Exercise input START

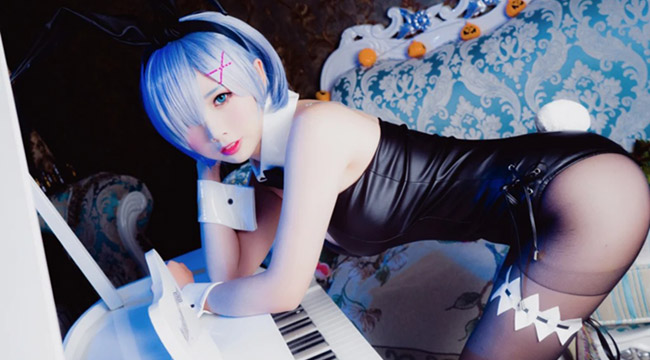 Đến với cosplay Rem phong cách sexy ngọt lịm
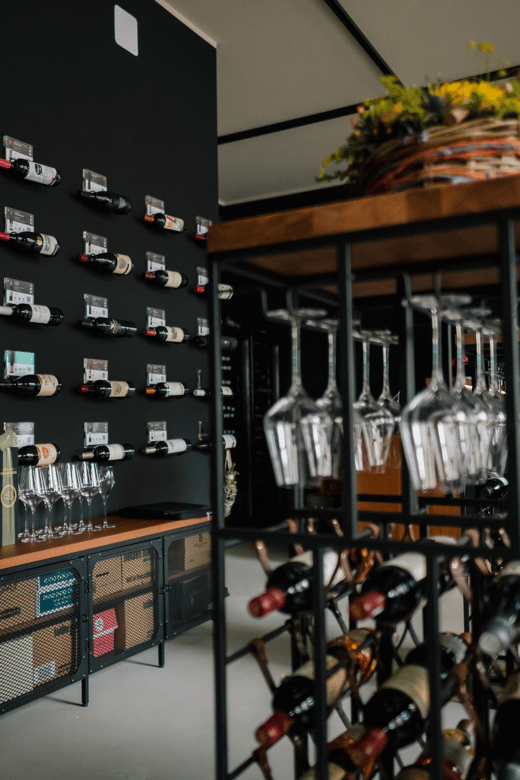 Munich: Romantic Wine Experience for Two at Viktualienmarkt - What arrives at your table
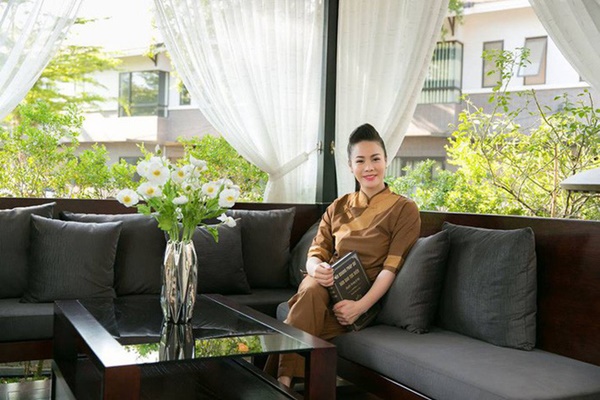 Ngắm biệt thự triệu đô bình yên với khu vườn rực rỡ sắc hoa cùng hồ cá Koi của Nhật Kim Anh giữa lòng Sài Gòn-16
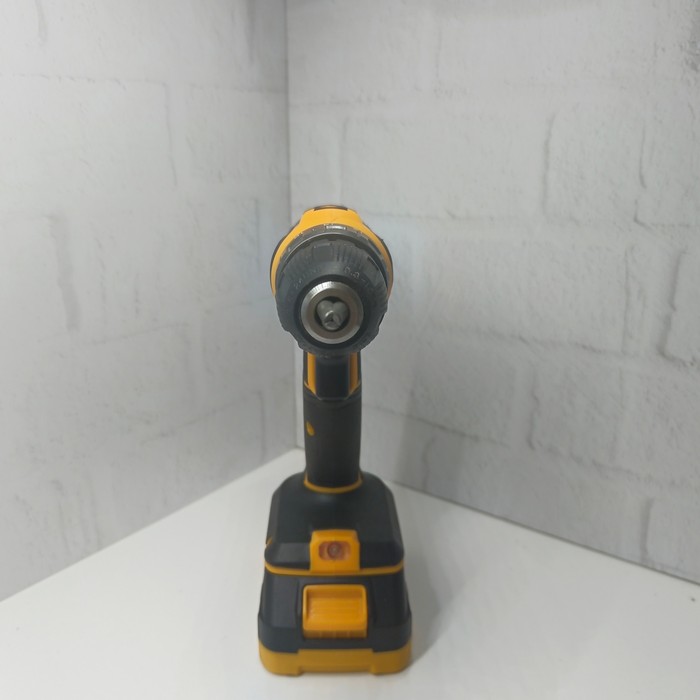 Шуруповерт Deko DKCD20FU-Li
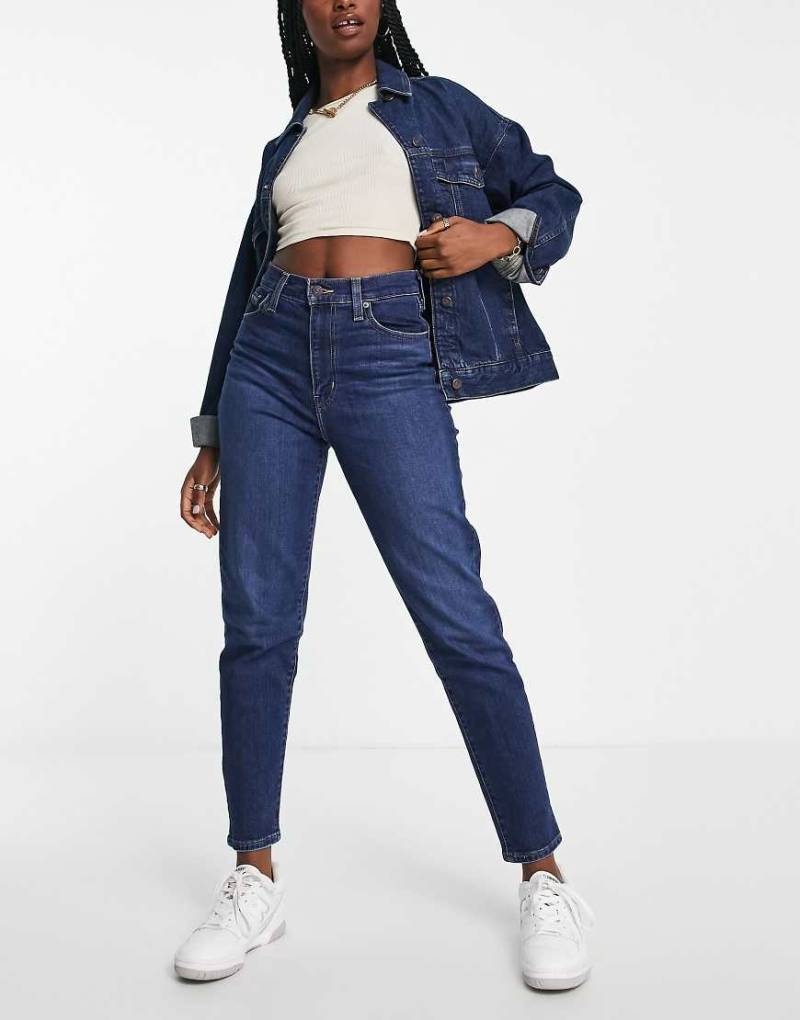 Levi's - Mom-Jeans in dunkelblauer Waschung mit hohem Bund-Marineblau von Levi's
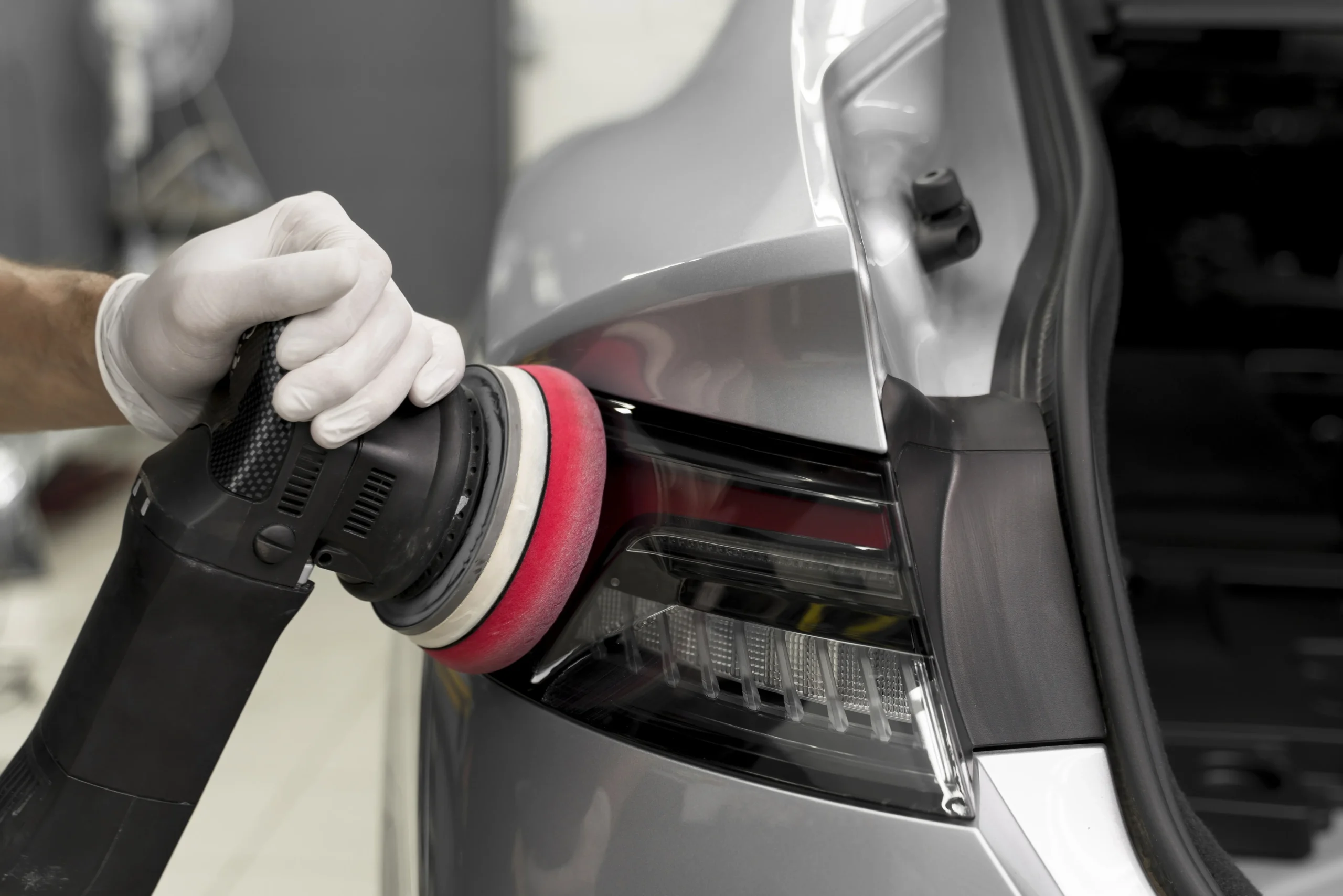 Lustrage et polissage des phares automobile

Exercise input END

_Exercise requirements_. Reproduce exactly, and only, the part of the entries above that runs from the line with "Шуруповерт Deko DKCD20FU-Li" to the last line, both included. Pictures stay out.

_Result of the task_.
 Шуруповерт Deko DKCD20FU-Li
 Levi's - Mom-Jeans in dunkelblauer Waschung mit hohem Bund-Marineblau von Levi's
 Lustrage et polissage des phares automobile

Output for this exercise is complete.